Free will implies the (theoretical) possibility of evil. As "Steven" says (approximately), it is strongly true that God will never sin, because He is holy — not just good, but positively and powerfully opposed to evil. Conversely — having free will — it is theoretically possible for Him to do evil. (If it were not theoretically possible for Him to do evil, then there would be little kudos or glory in Him so not doing. (A robot that never does evil is not morally good, on account of being a (deterministic) machine.) )

As “Fofole” notes, in the question, “The Bible tells us that there will be no sin in Heaven.”

It follows that the reason for this (absence of evil) is for some reason other than that it is not theoretically possible.

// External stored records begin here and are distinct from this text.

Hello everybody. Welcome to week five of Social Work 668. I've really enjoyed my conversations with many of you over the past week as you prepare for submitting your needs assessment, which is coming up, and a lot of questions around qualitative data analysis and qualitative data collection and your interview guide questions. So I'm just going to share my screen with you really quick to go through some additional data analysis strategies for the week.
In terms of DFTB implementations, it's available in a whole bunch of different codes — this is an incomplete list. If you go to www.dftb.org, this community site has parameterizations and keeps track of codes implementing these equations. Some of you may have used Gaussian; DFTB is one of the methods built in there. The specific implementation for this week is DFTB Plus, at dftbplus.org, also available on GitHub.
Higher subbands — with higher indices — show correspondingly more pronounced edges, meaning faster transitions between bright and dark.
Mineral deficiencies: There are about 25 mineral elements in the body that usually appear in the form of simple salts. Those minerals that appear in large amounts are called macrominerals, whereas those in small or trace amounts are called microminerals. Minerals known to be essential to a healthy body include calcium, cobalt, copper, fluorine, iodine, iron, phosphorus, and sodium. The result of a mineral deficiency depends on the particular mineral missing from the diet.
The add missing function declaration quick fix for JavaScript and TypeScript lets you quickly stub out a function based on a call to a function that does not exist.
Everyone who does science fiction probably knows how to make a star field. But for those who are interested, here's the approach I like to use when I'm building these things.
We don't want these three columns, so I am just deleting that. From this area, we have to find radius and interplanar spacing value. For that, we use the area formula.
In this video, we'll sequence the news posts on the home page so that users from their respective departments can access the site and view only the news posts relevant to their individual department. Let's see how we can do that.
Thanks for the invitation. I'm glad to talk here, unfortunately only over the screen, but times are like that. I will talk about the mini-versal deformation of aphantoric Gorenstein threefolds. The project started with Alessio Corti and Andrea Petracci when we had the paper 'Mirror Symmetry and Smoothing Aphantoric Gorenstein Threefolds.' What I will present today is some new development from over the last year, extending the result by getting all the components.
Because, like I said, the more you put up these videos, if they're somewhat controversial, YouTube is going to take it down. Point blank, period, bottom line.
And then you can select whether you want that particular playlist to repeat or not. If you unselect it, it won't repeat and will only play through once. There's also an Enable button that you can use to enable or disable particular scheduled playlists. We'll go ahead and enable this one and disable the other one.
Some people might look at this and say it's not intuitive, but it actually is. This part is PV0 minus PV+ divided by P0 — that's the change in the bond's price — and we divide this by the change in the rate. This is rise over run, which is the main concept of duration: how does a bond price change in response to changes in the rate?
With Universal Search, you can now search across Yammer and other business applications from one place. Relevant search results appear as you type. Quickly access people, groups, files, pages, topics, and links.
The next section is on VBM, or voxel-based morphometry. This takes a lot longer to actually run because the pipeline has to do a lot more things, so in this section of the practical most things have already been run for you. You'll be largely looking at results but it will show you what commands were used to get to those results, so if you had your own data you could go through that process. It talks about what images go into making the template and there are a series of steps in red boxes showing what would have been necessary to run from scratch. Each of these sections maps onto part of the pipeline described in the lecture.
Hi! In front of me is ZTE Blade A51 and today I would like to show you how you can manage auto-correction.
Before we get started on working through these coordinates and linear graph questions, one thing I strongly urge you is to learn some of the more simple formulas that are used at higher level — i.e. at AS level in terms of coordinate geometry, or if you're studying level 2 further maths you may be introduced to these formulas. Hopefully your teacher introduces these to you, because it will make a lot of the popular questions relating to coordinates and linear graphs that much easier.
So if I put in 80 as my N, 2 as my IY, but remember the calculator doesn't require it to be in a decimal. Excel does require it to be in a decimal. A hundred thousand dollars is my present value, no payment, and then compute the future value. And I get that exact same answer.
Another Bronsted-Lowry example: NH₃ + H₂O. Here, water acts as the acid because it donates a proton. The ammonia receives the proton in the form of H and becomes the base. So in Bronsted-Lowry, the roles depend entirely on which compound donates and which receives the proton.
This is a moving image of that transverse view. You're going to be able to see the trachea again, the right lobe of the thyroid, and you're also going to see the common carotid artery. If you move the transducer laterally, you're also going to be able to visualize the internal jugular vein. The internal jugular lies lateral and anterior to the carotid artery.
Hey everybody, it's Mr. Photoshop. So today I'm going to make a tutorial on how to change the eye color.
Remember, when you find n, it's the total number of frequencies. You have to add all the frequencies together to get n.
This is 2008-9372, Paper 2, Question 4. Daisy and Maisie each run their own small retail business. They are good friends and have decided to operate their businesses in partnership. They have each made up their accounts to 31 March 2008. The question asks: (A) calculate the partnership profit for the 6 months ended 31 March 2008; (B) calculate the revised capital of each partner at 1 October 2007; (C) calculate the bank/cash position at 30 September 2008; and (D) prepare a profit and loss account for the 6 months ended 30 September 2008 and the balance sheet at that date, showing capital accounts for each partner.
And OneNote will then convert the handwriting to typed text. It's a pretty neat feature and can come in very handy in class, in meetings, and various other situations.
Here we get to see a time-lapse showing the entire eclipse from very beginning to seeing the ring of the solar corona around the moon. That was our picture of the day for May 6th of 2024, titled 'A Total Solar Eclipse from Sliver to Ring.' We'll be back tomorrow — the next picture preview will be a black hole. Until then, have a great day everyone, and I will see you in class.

My view (behind which there is a lot of thinking) is as follows.

The fact of evil arising — noting that this took place in Heaven (apart from the connotation that this denotes the next life) — was strongly anomalous — for some of the reasons that it would be anomalous in “Heaven” [here meaning the next life]. That is… evil is bad — it has bad effects (by definition) — and this would be strongly apparent (before the deed) in Heaven. Thus, the idea of doing evil, in Heaven, would have negative appeal. [Actually, that is a simplification (possibly an oversimplification).] [Of course, conversely, one must have some account of why then Satan would do this.]

Under my view, this would have even greater negative appeal in Heaven in the next life, on account of the lesson of seeing evil in action on Earth — to the point that nothing else would be needed, practically. (One element of this is the [then now] clear historical event and illustration that there is a Fall involved — that the possibility does not exist, of simply doing one evil act.)

Over and above that, though, (under my view) anyone who attempted to sin in “Heaven” — here meaning the next life — would be instantly cast into Hell.